Short descriptive text snippets:

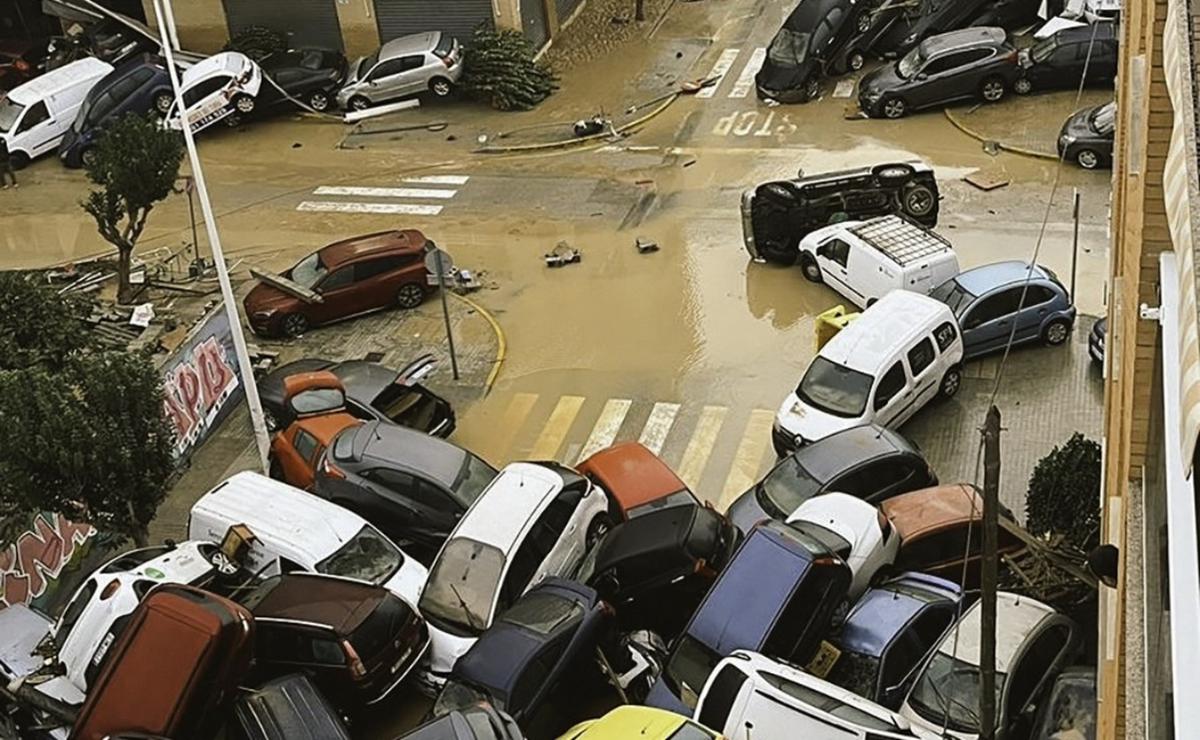 FOTO: Enfermera en la zona cero en Valencia: 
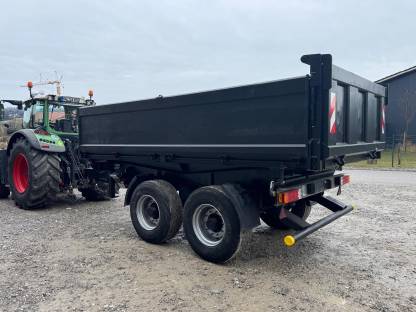 Bild 3:Kögel 3-Seiten-Kipper ZK 18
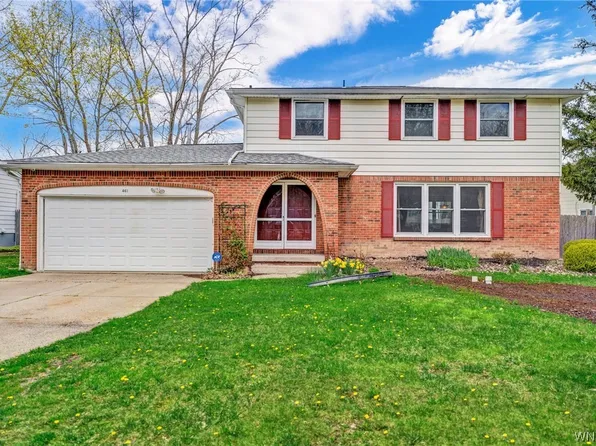461 Vine Ln, Amherst, NY 14228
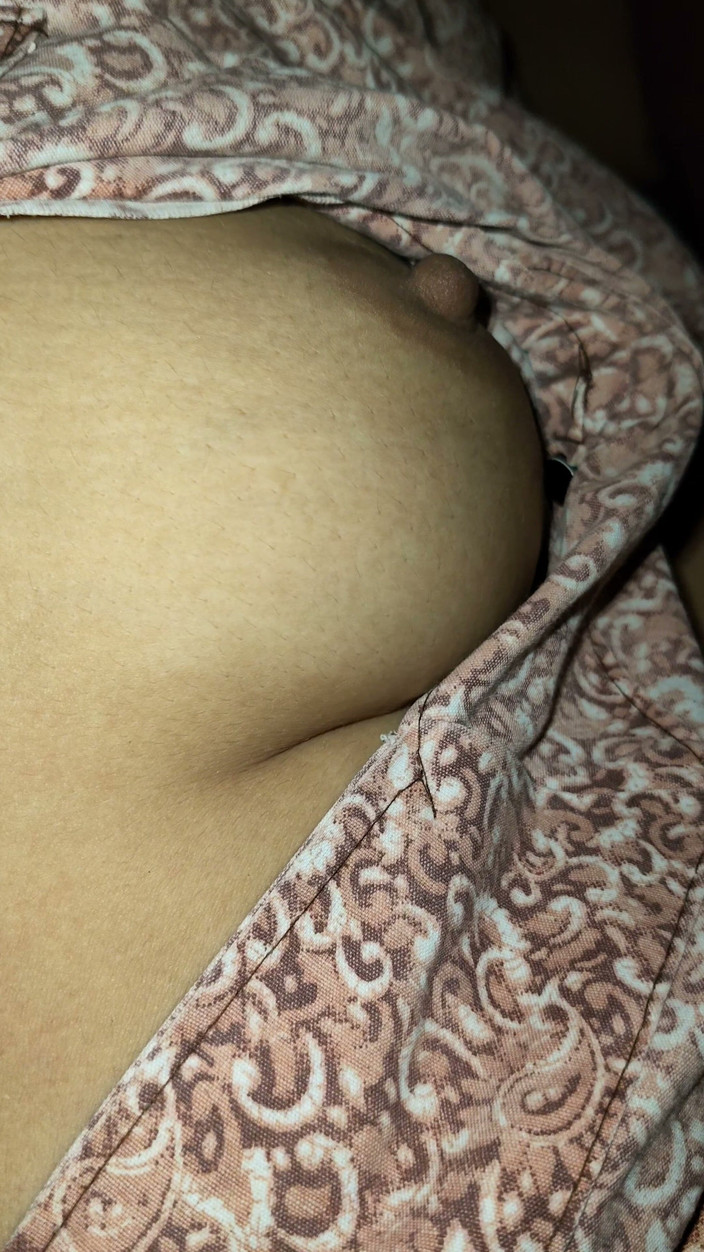 Sunnylesbians: 자지를 빠는 대학생 첫 번째 선택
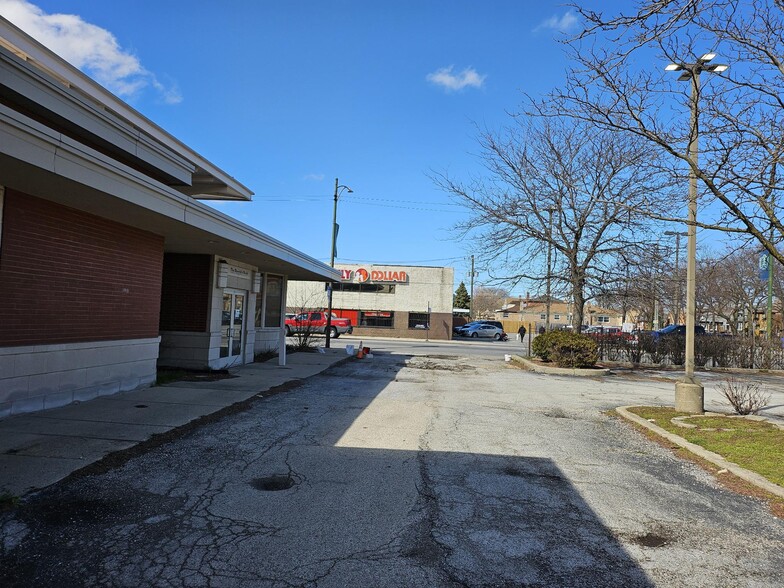 More Photos Of 8700 S King Dr, Chicago Bank For Sale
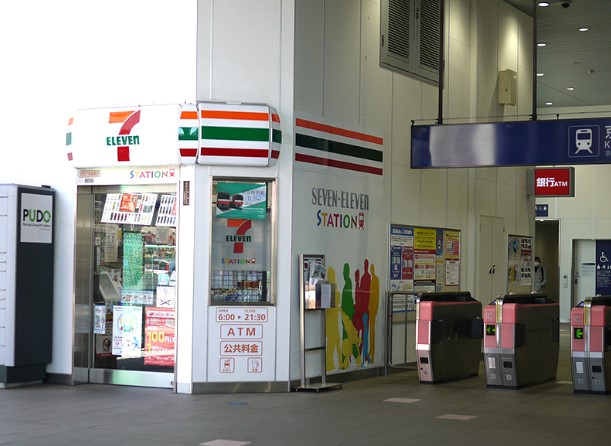コンビニ　セブンイレブン 京急ST梅屋敷店（コンビニ）まで421m
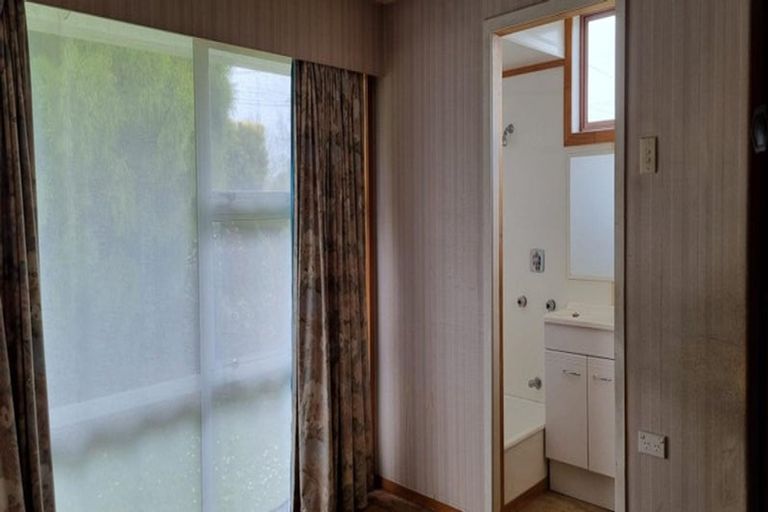 Photo of property in 31a Kawaha Point Road, Fairy Springs, Rotorua, 3015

### Exercise requirements
Copy all the entries word for word. Omit any pictures.

### Solution to the problem
 FOTO: Enfermera en la zona cero en Valencia: 
 Bild 3:Kögel 3-Seiten-Kipper ZK 18
461 Vine Ln, Amherst, NY 14228
 Sunnylesbians: 자지를 빠는 대학생 첫 번째 선택
 More Photos Of 8700 S King Dr, Chicago Bank For Sale
コンビニ　セブンイレブン 京急ST梅屋敷店（コンビニ）まで421m
 Photo of property in 31a Kawaha Point Road, Fairy Springs, Rotorua, 3015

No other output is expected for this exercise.